In another case the handwriting of a nurse was so appalling that a colleague misread the instruction to give only four units of insulin of forty-with fatal consequences.

In his sublime conclusion, Hensher writes: ‘Though it would make no sense to give up the clarity and authority of print which is available to anyone with a keyboard, to continue to diminish the place of the handwritten in our lives is to diminish in a small but real way, our humanity.

In all sorts of areas of our life we enhance the quality of our lives by going for the slow option, the path which takes a little bit of effort. Sometimes we don’t spend an evening watching Km Kardashian falling over on YouTube: we read a book. Sometimes, we don’t just push a pre-prepared meal into the oven and take it out sometime later. We chop and prepare vegetables; we follow a

recipe or some procedure we remember from our family kitchens and we make dinner from scratch, with pleasure.

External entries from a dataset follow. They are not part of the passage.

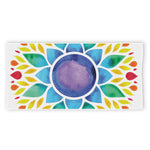 Reiki Chakra Flower Print Beach Towel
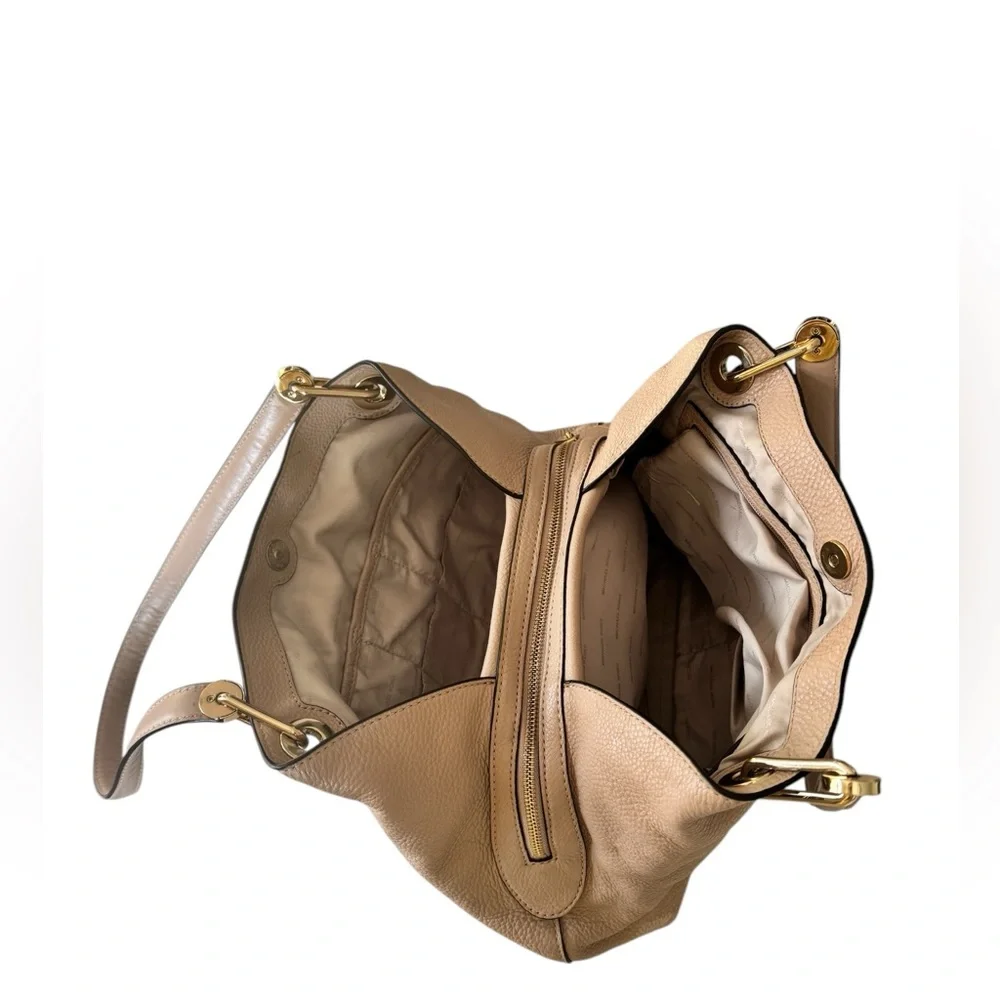 Michael Kors Raven Large Leather Shoulder Bag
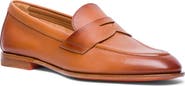 Santoni Leather Penny Loafer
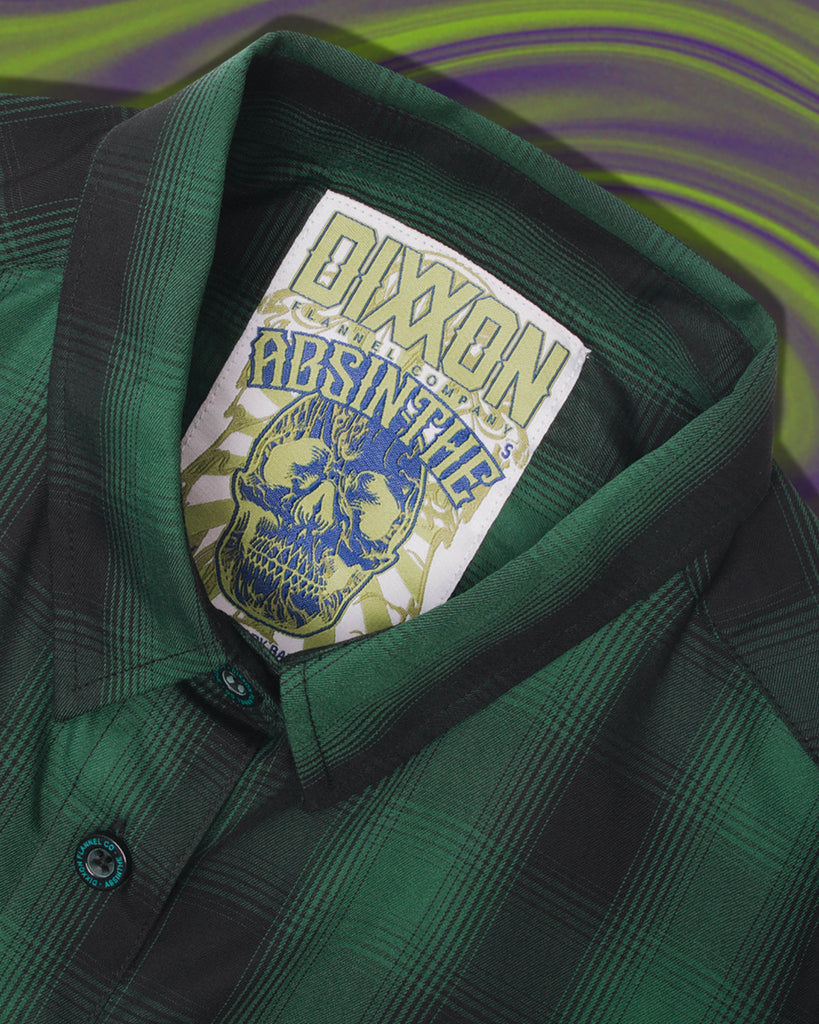 Women's Absinthe Bamboo Short Sleeve - Dixxon Flannel Co.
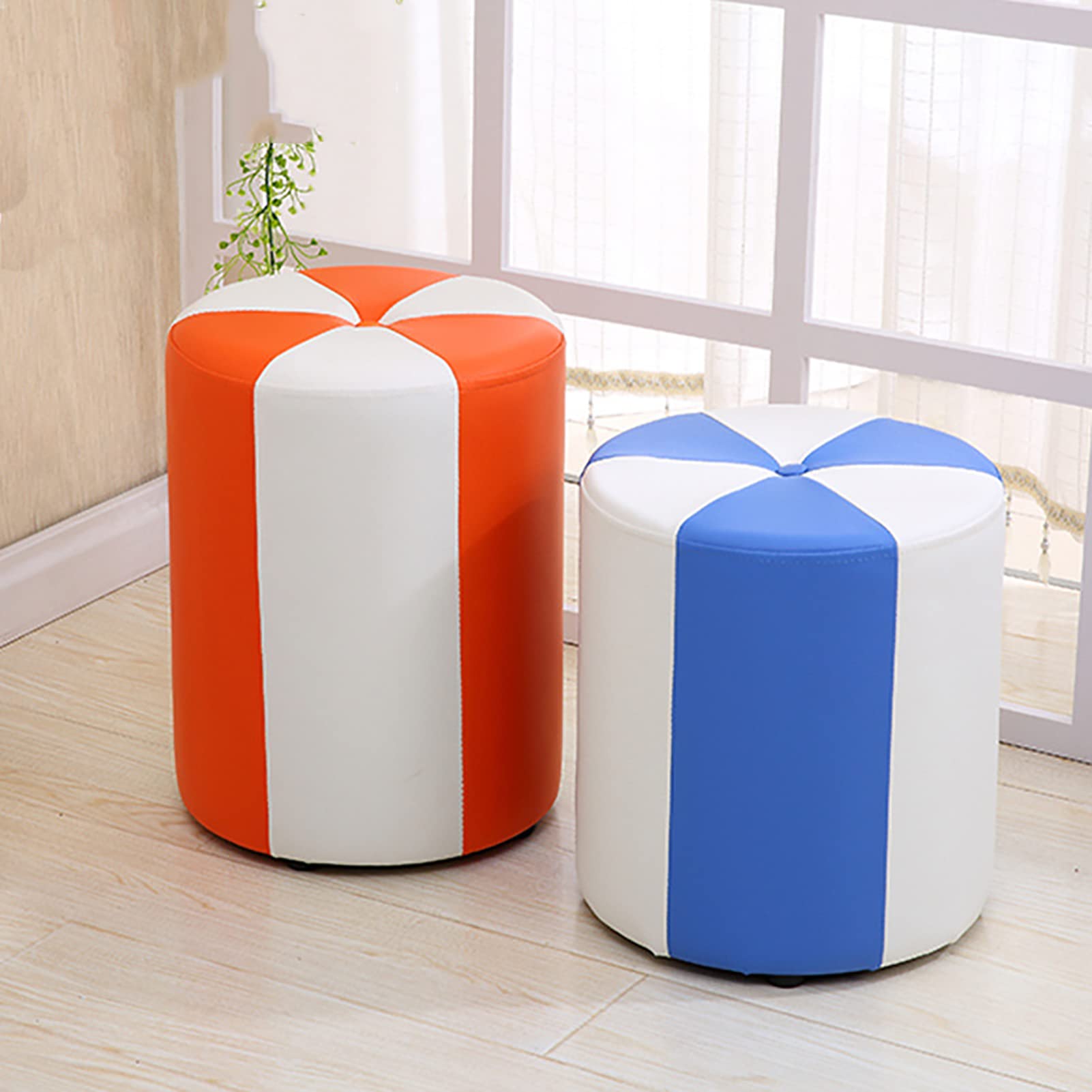 NMDCDH Sgabelli poggiapiedi in Legno, poggiapiedi ottomano, Sgabello cubo poggiapiedi - Multicolore - per Soggiorno, Camera da Letto - 27x27x27cm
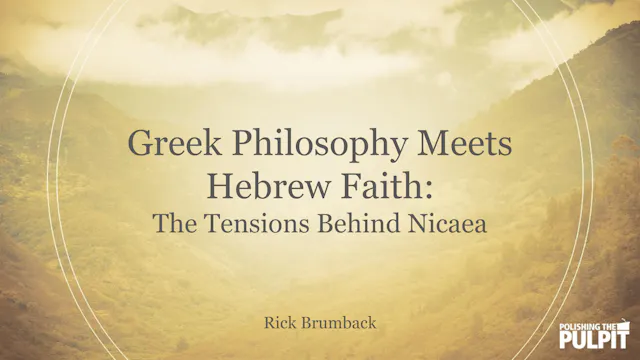 Greek Philosophy Meets Hebrew Faith: ...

We often do this because we love people, and think they are worthy of our effort from time to time. Sometimes we don’t get in the car and get to where we have to go as soon as we possibly can. Sometimes we open our front doors, and go for a walk in the spring sunshine. We might not get anywhere very far in two or three hour on foot, where in three hour by mechanical means you can get to Yorkshire (by car) or Paris (by train)or Istanbul (by air). But on the other hand, you’ve had a nice walk in the spring sunshine for very little expenditure, and you feel better for it.

Perhaps that is the way to get handwriting back on to our lives-as something which is a pleasure, which is good for us, and which is human in a way not all communication systems manage to be.’